Task objective – Range to reproduce from the entries below: the line with "Ippolita Sterling Silver", the line with "Advik Homestays Tirupati Luaran gambar", and every line in between. Give them exactly and give nothing else.

Source material –
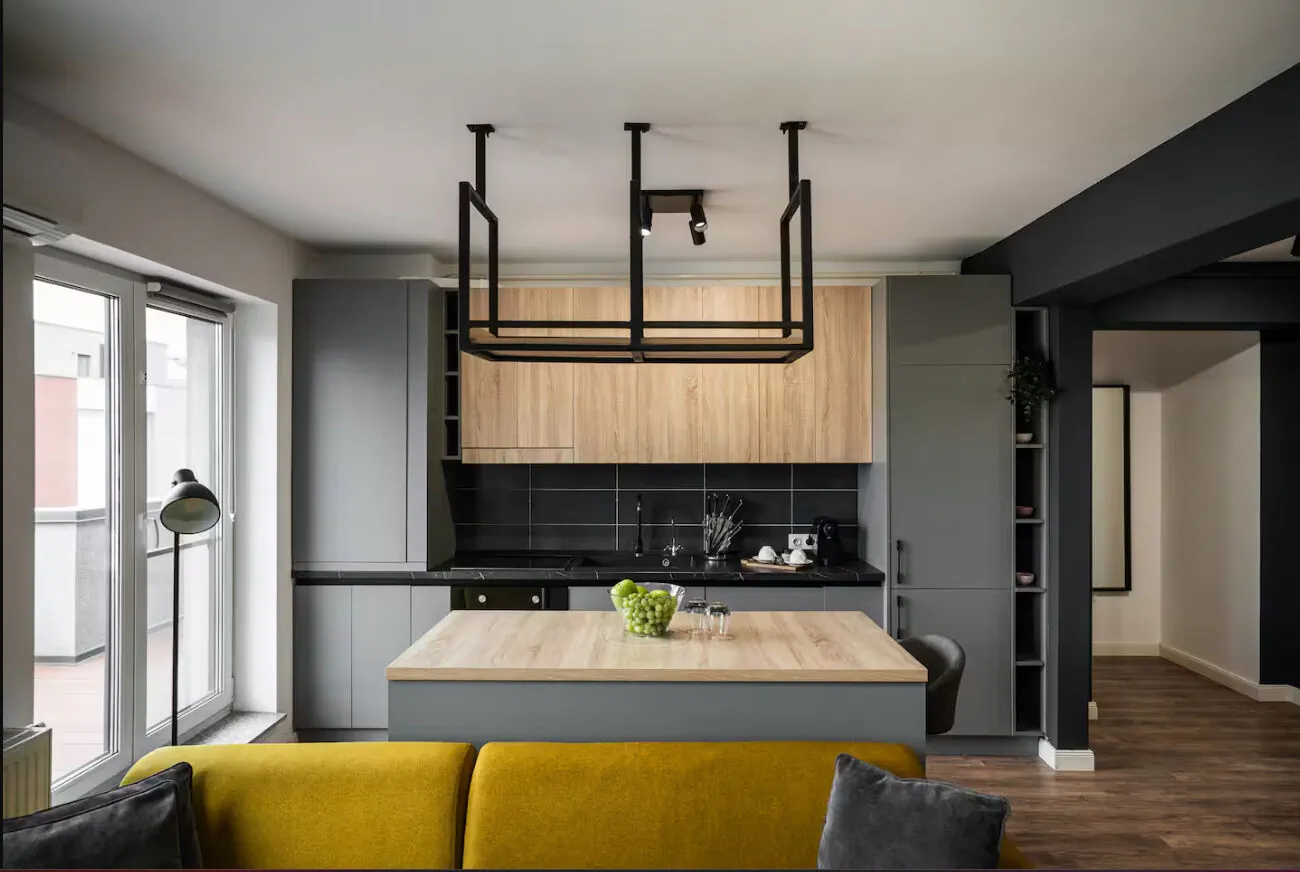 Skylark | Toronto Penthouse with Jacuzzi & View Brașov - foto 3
---
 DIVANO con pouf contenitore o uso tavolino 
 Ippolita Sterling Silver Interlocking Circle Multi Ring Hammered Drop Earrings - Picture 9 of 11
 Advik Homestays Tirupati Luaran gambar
---
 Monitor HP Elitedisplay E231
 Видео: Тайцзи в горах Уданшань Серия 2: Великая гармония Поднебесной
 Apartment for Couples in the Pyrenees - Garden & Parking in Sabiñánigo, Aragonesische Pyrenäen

Output for this task –
 Ippolita Sterling Silver Interlocking Circle Multi Ring Hammered Drop Earrings - Picture 9 of 11
 Advik Homestays Tirupati Luaran gambar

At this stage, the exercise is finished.